Christopher Dugan, senior director of public relations for Anthem in New Hampshire, said small-group plans offered in the exchange also will cover "elective" abortion services. But not the plans that individuals will be able to purchase, he said.
Previously, individual customers could purchase a rider from Anthem for maternity coverage, and elective abortion was included in that, Dugan said. But in the new plans, he said, "Our decision was to exclude elective abortions because federal funds could not be used, under the new (health reform) law, for that."
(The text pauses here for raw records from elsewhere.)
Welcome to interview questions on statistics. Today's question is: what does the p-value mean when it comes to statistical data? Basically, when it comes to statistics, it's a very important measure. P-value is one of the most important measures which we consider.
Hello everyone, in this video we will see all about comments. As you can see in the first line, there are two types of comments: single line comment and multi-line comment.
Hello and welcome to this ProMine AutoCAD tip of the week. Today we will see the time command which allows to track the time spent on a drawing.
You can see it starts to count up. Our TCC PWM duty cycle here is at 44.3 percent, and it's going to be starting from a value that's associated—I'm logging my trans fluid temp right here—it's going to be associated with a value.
The Affordable Care Act allows the states to decide whether to include abortion coverage in their exchanges, but it specifically prohibits use of federal funds for abortion services except in cases of rape or incest, or when the life of the woman is endangered.
According to the coverage certificate for the new plans provided by Dugan, that is defined as "health care services or products provided to an enrollee for the purposes of preventing, stabilizing, diagnosing, or treating an illness, injury or disease, or the symptoms of an illness, injury or disease."
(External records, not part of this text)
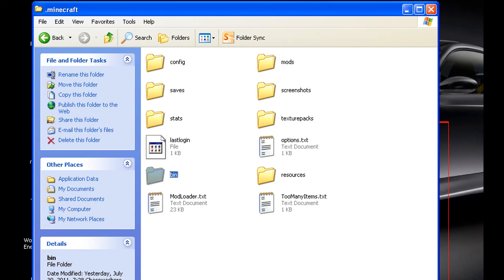But yeah, this will delete your mods so you will have to reinstall them, but it's actually pretty easy to do that.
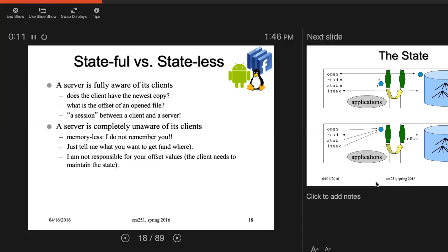I'm trying to cover a lot of topics today. We're kind of finishing network file system, NFS. Today I'm going to extend it to AFS — one of them is stateless, which is NFS, and AFS, Andrew File System, is stateful. And then we're going to talk about a protocol called two-phase commit, its use in distributed systems including GFS, Google File System, which we'll hopefully start today.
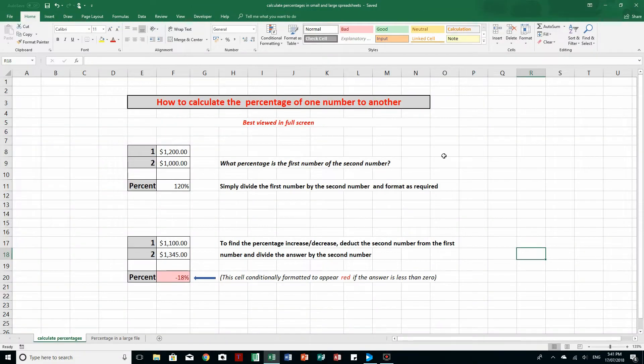Good morning, good afternoon, or good evening wherever in the world you might be watching. One area that many people have a problem with is the calculation of percentages in Microsoft Excel — it's really quite simple if we follow a few rules.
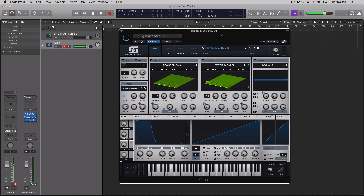Hey guys, this is Echo Soundworks and you are checking out a Coda support video. I've gotten a bunch of questions since we released this pack about how much of the sound comes from the oscillators and the custom wavetables, and how much is coming from the noise sample — or the noise oscillator, i.e. a sample.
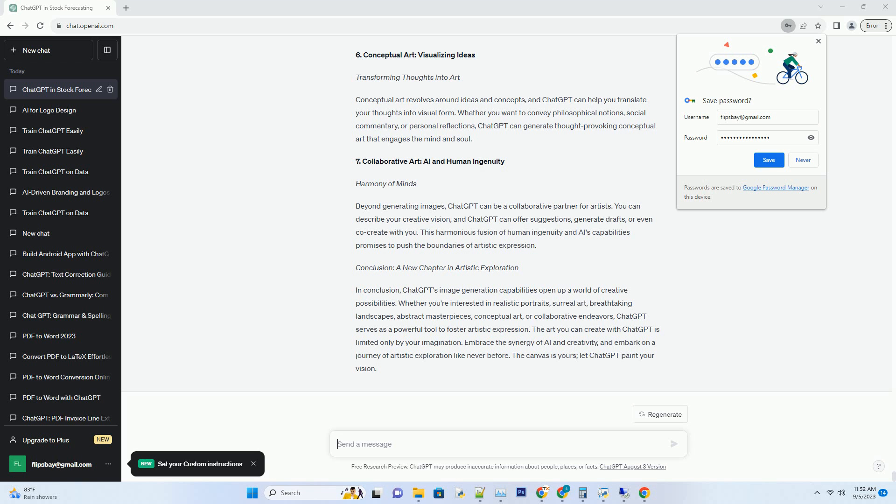6. Conceptual Art: Visualizing Ideas. Transforming Thoughts Into Art. Conceptual art revolves around ideas and concepts, and ChatGPT can help you translate your thoughts into visual form. Whether you want to convey philosophical notions, social commentary, or personal reflections, ChatGPT can generate thought-provoking conceptual art that engages the mind and soul.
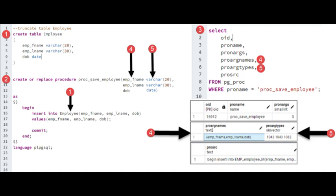At button number two, create a procedure proc_save_employee. Button three, select several columns from the system catalog table pg_proc. Button four, we're going to be looking at one of the fields, pro_arg_names, is an array that holds the names of the arguments of the procedure on line 10.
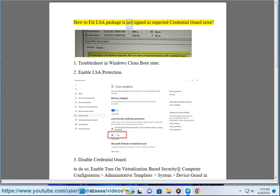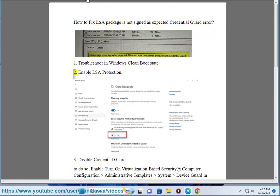How To Fix LSA Package Is Not Signed As Expected Credential Guard Error. Method 1: Troubleshoot in Windows Clean Boot State.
New Hampshire law is silent on the issue.
The state's Joint Healthcare Reform Oversight Committee met a year ago to decide on the "essential health benefits" that will be offered in exchange plans.
And even when the joint committee chose as its benchmark an Anthem plan, Matthew Thornton Blue, that does provide abortion coverage, Patterson advised lawmakers that does not mean carriers that participate in the exchange have to offer such coverage. "That's one thing the committee was really concerned about: If we choose this and it has the coverage, does that become part of the package?" she said. "And it does not."
Because lawmakers here did not address the issue of abortion coverage in legislation, Patterson said, "It's up to the carriers to decide what services are covered by any particular plan."
The Legislature still could act on the issue, and Patterson said insurers that offer plans through the exchange would have to abide by what lawmakers decide.
And under Section 1303 of the Affordable Care Act, Patterson said, "If the state chooses to make a law with respect to abortion, then that law won't be preempted by the ACA."
Last year, the Legislature passed a law (RSA 420-N:7) that prohibits creating a state-based health exchange. Instead, the law allows state agencies to "interact with the federal government with respect to the creation of a federally facilitated exchange."